Defendant's present motion was filed pro se and an assistant public
defender was assigned to the matter. Assigned counsel investigated defendant's
contentions and submitted a certification to the motion court concluding that
"there was not enough reliable information to validate a credible motion." The
motion judge relied upon that certification and dismissed defendant's motion for
a new trial. The court issued a one-page order that reads in pertinent part,
"[g]iven [assigned counsel's] certification dated June 13, 2017 (copy of which
A-2192-17T1 2 is attached), this Court is satisfied that a thorough investigation was conducted
and there was insufficient reliable information to validate a credible motion."
We begin our analysis by acknowledging the deferential standard of
review that applies in this appeal. "A motion for a new trial is addressed to the
sound discretion of the trial court, and its determination will not be reversed on
appeal unless there has been a clear abuse of that discretion." State v. Artis, 36
N.J. 538, 541 (1962) (citing State v. Smith, 29 N.J. 561, 573 (1959)). "An abuse
of discretion 'arises on demonstration of manifest error or injustice,' or when
'there has been a clear error of judgment.'" Rodriguez v. Wal-Mart Stores, Inc.,
237 N.J. 36, 57 (2019) (citations omitted). Said differently, an abuse of
discretion occurs when the trial judge's "decision is 'made without a rational
explanation, inexplicably departed from established policies, or rested on an
impermissible basis.'" Flagg v. Essex Cty. Prosecutor, 171 N.J. 561, 571 (2002)
(quoting Achacoso-Sanchez v. Immigration and Naturalization Serv., 779 F.2d
1260, 1265 (7th Cir. 1985)). A judge's failure to provide any explanation for
his or her decision, rational or otherwise, clearly constitutes an abuse of
discretion and directly contravenes our Court Rules. See R. 3:29 ("The [trial]

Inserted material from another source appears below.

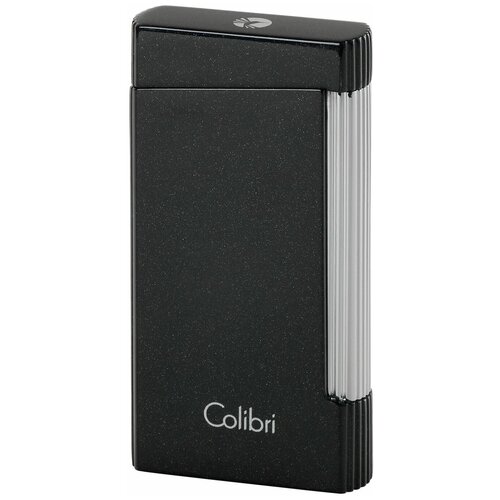   Colibri OF LONDON Voyager Charcoal Black,  8480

court shall place on the record the reasons supporting its decision on . . . [a]
disposition of a criminal matter."); Cf. R. 2:11-3(e) (permitting only appellate
A-2192-17T1 3 courts to summarily decide matters because an argument lacks sufficient merit
to warrant discussion in a written opinion).
We have reviewed the record in view of these legal principles and are
constrained to conclude that the motion judge failed to provide an adequate
explanation for dismissing defendant's motion. The record suggests that the
motion court essentially delegated to defense counsel the responsibility to
determine the merits of defendant's contentions. There is no indication in the
record that the court conducted its own review of defendant's contentions. Nor
did the motion court address any of the factors that should be considered in
deciding a motion for a new trial based on newly discovered evidence. See State
v. Carter, 85 N.J. 300, 314 (1981) (delineating a three-factor test for courts to
utilize in analyzing motions for a new trial based on newly discovered evidence).
It is incumbent on the motion court to reach its own conclusions and not just
incorporate by reference the conclusions made by assigned counsel.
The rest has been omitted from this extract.